=== Record set ===

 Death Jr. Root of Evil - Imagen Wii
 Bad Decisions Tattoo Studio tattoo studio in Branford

===
=== Record set ===

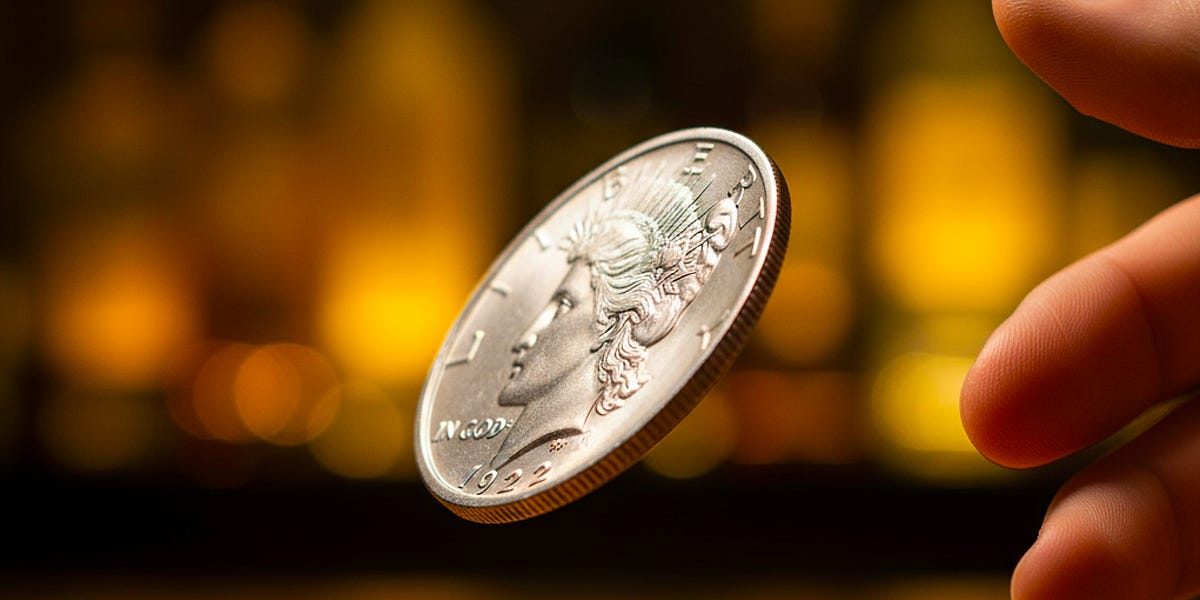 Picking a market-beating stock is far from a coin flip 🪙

===
=== Record set ===

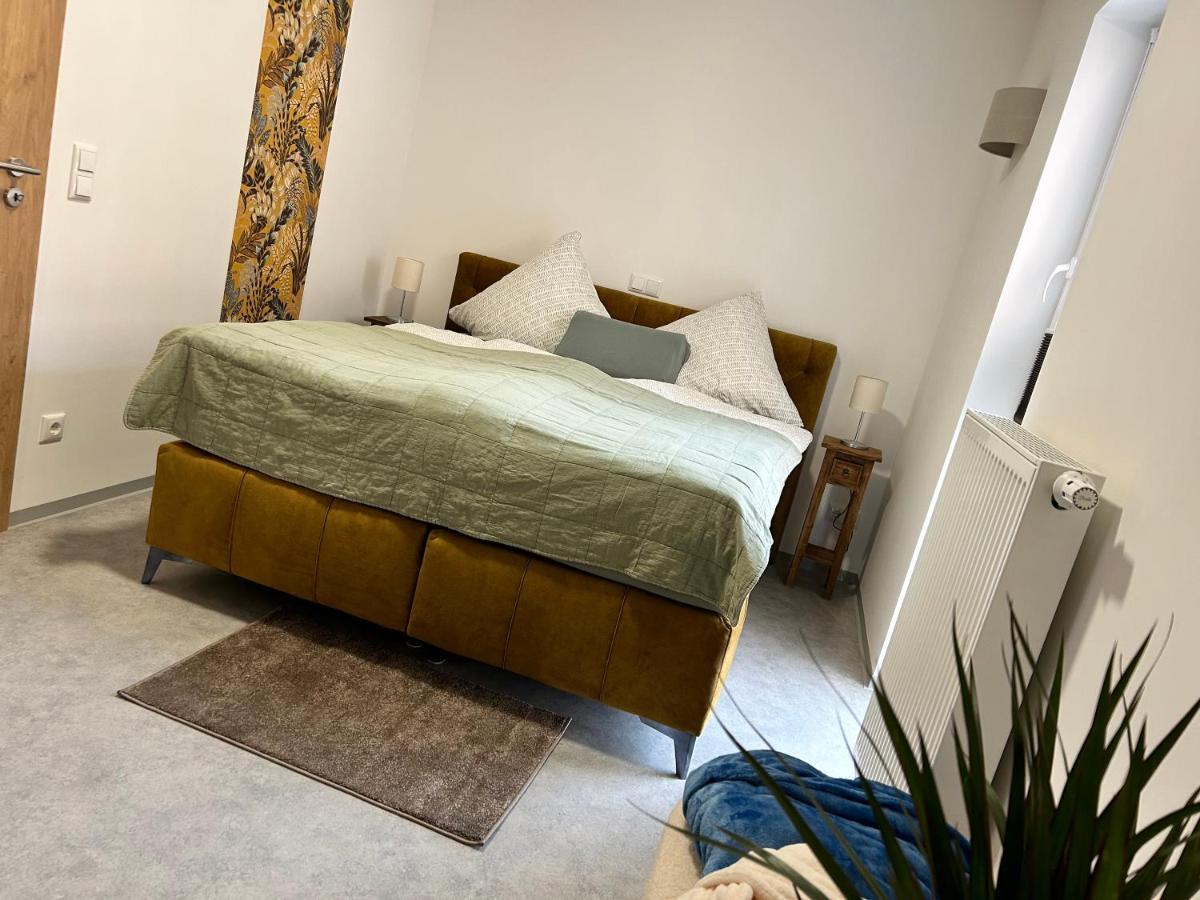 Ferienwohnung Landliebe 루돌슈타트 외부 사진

===

- _Required work_: Look above for the line with "Death Jr. Root of Evil - Imagen Wii" and the line with "Bad Decisions Tattoo", and reproduce exactly those two lines plus every line between, nothing more.

- _Output for this exercise_:
 Death Jr. Root of Evil - Imagen Wii
 Bad Decisions Tattoo Studio tattoo studio in Branford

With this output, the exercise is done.